Rules and Regulations of RA 7160, or the Local Government Code. Thus, to be considered an exporter under the said Code, it is necessary that the business entity is engaged, either in the exportation of its goods and merchandise; or in the manufacture or production of goods or products that are both sold domestically and abroad. Indubitably, petitioner is a manufacturer and a seller of packaging materials such as corrugated fiber board containers, cartons and boxes, which are sold to different clients both for local consumption and export. In other words, petitioner does not export its packaging materials but sells them instead to export-oriented enterprises, which in turn utilize the same to package their products for export. Notably, the Implementing Rules and Regulations of Executive Order No. 226 (Omnibus Investments Code) considers packaging materials constituting supplies as forming part of the export product. Based on Article 39(k), packaging materials form part of the export products.

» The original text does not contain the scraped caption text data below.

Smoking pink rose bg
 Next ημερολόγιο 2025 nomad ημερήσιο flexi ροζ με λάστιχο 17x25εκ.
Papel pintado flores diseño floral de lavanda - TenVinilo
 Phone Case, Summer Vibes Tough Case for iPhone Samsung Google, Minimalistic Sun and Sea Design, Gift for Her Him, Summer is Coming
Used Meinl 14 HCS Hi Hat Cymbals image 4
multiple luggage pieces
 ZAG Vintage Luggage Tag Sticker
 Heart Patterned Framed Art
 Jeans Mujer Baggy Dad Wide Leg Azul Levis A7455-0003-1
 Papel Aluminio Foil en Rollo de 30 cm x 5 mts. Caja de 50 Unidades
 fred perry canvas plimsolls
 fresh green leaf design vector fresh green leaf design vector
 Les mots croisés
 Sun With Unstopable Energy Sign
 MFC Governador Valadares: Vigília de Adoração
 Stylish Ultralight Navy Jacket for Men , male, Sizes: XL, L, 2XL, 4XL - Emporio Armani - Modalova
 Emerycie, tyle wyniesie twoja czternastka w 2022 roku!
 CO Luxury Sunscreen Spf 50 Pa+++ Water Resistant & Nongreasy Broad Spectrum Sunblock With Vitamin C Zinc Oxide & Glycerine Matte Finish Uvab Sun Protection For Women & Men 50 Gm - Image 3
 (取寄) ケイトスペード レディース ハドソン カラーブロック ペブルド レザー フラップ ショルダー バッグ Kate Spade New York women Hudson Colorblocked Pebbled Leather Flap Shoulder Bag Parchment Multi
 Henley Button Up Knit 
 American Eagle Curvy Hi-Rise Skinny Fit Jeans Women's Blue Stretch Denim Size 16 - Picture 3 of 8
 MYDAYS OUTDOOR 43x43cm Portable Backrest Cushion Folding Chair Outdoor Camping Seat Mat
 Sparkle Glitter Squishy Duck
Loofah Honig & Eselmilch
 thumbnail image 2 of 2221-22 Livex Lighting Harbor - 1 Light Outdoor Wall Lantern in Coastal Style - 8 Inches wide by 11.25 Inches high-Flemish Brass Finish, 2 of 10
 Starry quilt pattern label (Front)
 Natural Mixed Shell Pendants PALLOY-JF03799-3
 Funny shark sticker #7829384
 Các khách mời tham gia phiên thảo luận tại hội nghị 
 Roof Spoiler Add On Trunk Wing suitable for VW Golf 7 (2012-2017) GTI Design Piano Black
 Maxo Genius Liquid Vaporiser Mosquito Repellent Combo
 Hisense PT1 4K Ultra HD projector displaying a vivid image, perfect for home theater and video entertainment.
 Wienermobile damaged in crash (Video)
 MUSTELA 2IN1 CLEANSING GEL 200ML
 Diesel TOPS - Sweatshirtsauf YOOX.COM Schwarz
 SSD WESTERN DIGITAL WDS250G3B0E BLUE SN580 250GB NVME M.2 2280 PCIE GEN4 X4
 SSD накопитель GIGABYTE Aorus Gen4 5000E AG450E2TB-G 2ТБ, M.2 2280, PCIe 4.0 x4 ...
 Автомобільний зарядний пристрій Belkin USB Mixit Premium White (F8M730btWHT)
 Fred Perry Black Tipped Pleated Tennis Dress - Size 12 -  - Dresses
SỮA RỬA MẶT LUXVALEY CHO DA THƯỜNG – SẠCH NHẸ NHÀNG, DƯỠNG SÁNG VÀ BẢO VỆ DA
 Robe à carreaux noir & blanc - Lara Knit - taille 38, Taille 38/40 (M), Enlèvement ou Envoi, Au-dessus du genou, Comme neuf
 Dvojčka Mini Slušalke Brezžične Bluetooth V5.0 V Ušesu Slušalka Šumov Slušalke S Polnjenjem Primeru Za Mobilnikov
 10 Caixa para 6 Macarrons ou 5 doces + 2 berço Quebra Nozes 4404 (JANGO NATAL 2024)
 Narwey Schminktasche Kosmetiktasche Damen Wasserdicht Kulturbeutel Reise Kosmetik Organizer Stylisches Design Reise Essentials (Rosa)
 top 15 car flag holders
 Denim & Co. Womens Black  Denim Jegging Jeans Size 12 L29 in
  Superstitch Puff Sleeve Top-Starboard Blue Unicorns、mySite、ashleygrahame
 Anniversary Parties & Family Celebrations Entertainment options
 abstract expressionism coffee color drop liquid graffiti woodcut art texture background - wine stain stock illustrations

In spite of this provision however, it does not necessarily make petitioner an exporter as contemplated under the Local Government Code. The provision merely confirms that the packaging materials used by export oriented enterprises form part of the export product for purposes of granting incentives to Board of Investment (BOI)registered enterprises. Furthermore, the tax credit mentioned therein pertains to National Internal Revenue taxes and Customs duties. There is no mention of local taxes thereby making said provision not applicable in the case. The business tax is imposed upon petitioner for its privilege of engaging in business in the City of Davao, specifically, its business of manufacturing corrugated fiber

containers, cartons and boxes. This imposition of business tax is provided for under Section 143 of the Local Government Code of 1991. The said Code does not make the manufacturer who sells its manufactured product to an exporter who utilizes the same to produce its export product, an exporter, petitioner cannot be considered as an exporter, but rather, by its own admission, as a manufacturer of any article of commerce of whatever kind and nature. A company that does not export it products, but sells it to local companies, which in turn utilize said products, as inputs in the manufacture of other products that are exported abroad, is locally taxable as manufacturer under Section 143(a), and not under Section 143(c) of RA No. 7160.7 Additionally, petitioners sales of manufactured corrugated containers, cartons, and boxes cannot fall under the term export sales because Section 143(c) of RA No. 7160 only applies to sales of essential commodities, limited to those enumerated in said Subsection. As the manufactured corrugated boxes of petitioner are neither considered exports nor one of the essential commodities enumerated in Section 143(c) of RA No. 7160, petitioners sales during taxable year 2004 are all considered local sales subject to the tax rate provided under Section 143(a) of the sam Code. Hence, petitioner is taxable as a manufacturer under Section 143(a), and not under Section 143(c), of RA No. 7160. Petitioner was denied its claim for refund or issuance of tax credit certificate.

Letter of the Minister of Finance to Revenue Officer Marzan of Makati dated February 22, 1986 as quoted in the Decision of the lower court, Annex A, Appeal, Docket, pp. 16-20.